Possibly procrastinating (not responding to my students who in turn were not responding–i.e. on time. Update: they responded well–to Kharms’ The Blue Notebook from TODAY I WROTE NOTHING), procrastination seemed to me the primary parameter into which an evening disappears. (Parenthetically, my first action was to send it to my students.) Of course, Benson’s update/paragraph is far richer than my initial re/action/duction (see comments). But Zerstreuung had already set in.

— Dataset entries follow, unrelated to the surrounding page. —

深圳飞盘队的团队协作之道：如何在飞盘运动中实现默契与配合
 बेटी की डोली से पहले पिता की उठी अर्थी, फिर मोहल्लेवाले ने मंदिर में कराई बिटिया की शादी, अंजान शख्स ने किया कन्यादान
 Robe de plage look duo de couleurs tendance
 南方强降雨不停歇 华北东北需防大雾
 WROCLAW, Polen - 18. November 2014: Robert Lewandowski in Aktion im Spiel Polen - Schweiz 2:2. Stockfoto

For: ten minutes later, Benson posted a Note on the same Facebook wall which had set me both on fire and to (distr)action:

I especially want to ask the impressions of those of you who teach the novel or who teach fiction writing seminars: Is there an opening paragraph anywhere more utterly compelling, such that you can’t avoid just choosing to read this whole book next, than that of Mildred Pierce? I never read it before, and now I have to put off all those other novels I was given for Christmas to read this. What is it that grabs me so irresistibly? And would readers who are now in their twenties and thirties see anything in this at all?

Postman Script:

Without even providing the opening paragraph in question, Benson’s Note made me want to drop everything and read James M. Cain’s Mildred Pierce, starring Joan Crawford Kate Winslet. Instead, I read the opening paragraph of Cain’s first novel, The Postman Always Rings Twice (1934):

They threw me off the hay truck about noon. I had swung on the night before, down at the border, and as soon as I got up there under the canvas, I went to sleep. I needed plenty of that, after three weeks in Tia Juana, and I was still getting it when they pulled me off to one side to let the engine cool. They they saw a foot sticking out and threw me off. I tried some comical stuff, but all I got was a dead pan, so that gag was out. They gave me a cigarette, though and I hiked down the road to find something to eat.

But instead of reading further, I let Zerstreuung take over again, discovering that Walter Benjamin, too, found distraction in The Postman Always Rings Twice, which he read (“as thrilling as it is discerning” he wrote in a letter–but to whom?) in French translation, in 1937.